Record extracts:
#####

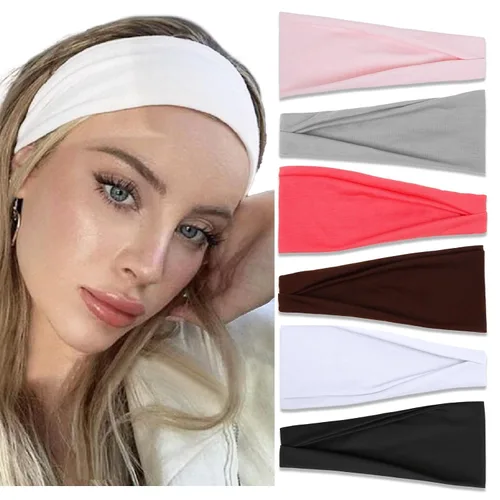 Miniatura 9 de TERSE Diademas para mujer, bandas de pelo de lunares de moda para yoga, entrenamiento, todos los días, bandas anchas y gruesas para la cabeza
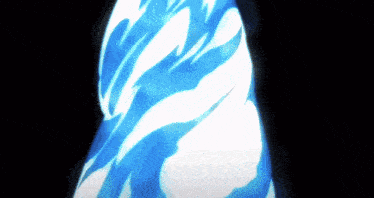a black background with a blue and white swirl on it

#####

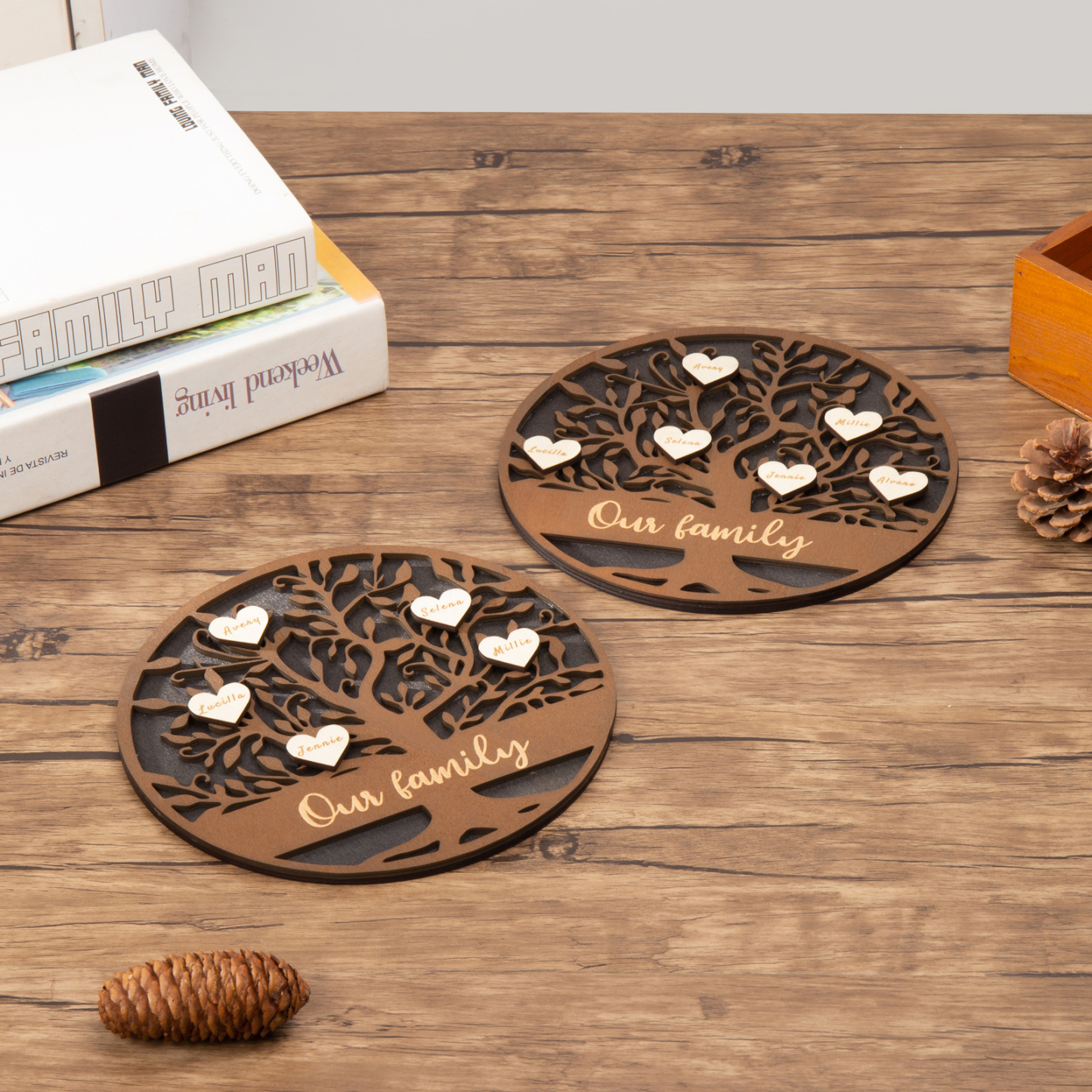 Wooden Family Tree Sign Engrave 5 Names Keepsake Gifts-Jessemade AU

#####

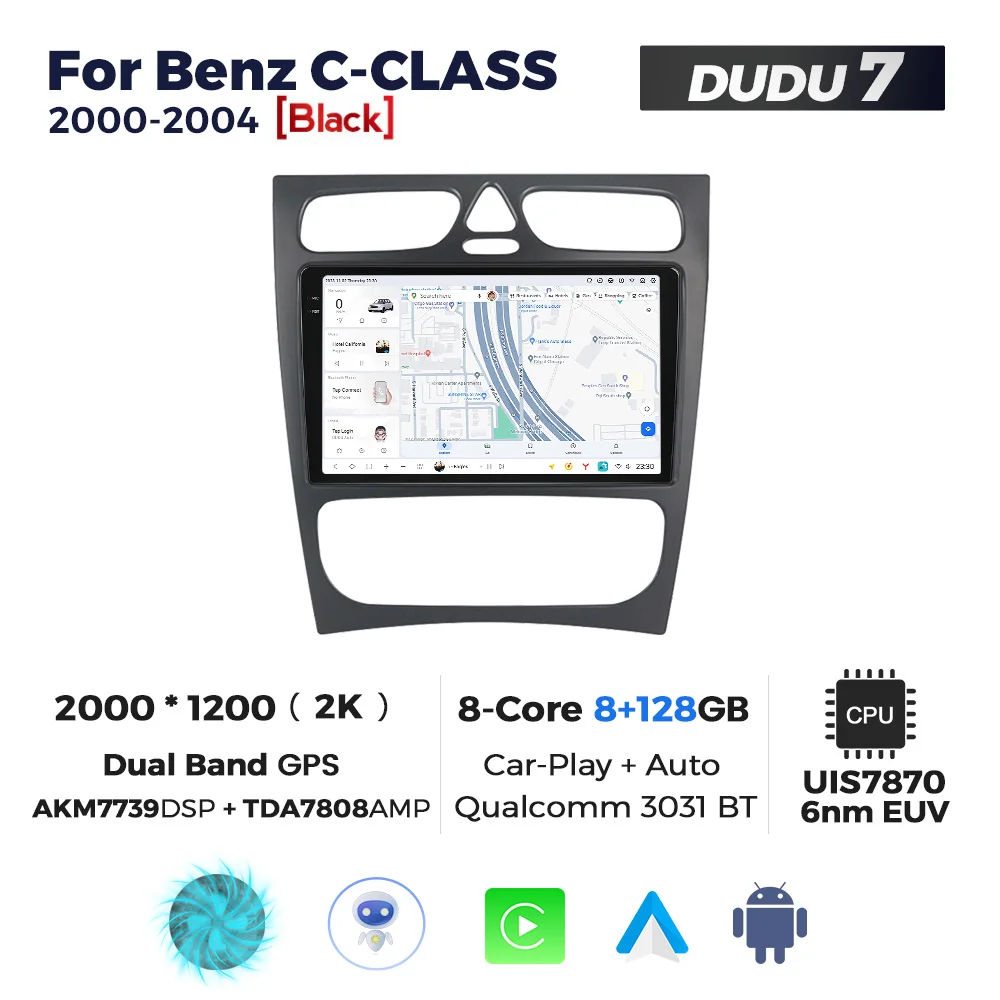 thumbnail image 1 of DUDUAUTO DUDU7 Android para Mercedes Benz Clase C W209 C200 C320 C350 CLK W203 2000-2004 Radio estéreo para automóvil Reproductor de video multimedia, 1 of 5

#####

Task to complete:
Your copy should hold the lines from the one with "Miniatura 9 de" up to and including the one with "a black background", exactly as in the data above, and no pictures.

Your response:
 Miniatura 9 de TERSE Diademas para mujer, bandas de pelo de lunares de moda para yoga, entrenamiento, todos los días, bandas anchas y gruesas para la cabeza
a black background with a blue and white swirl on it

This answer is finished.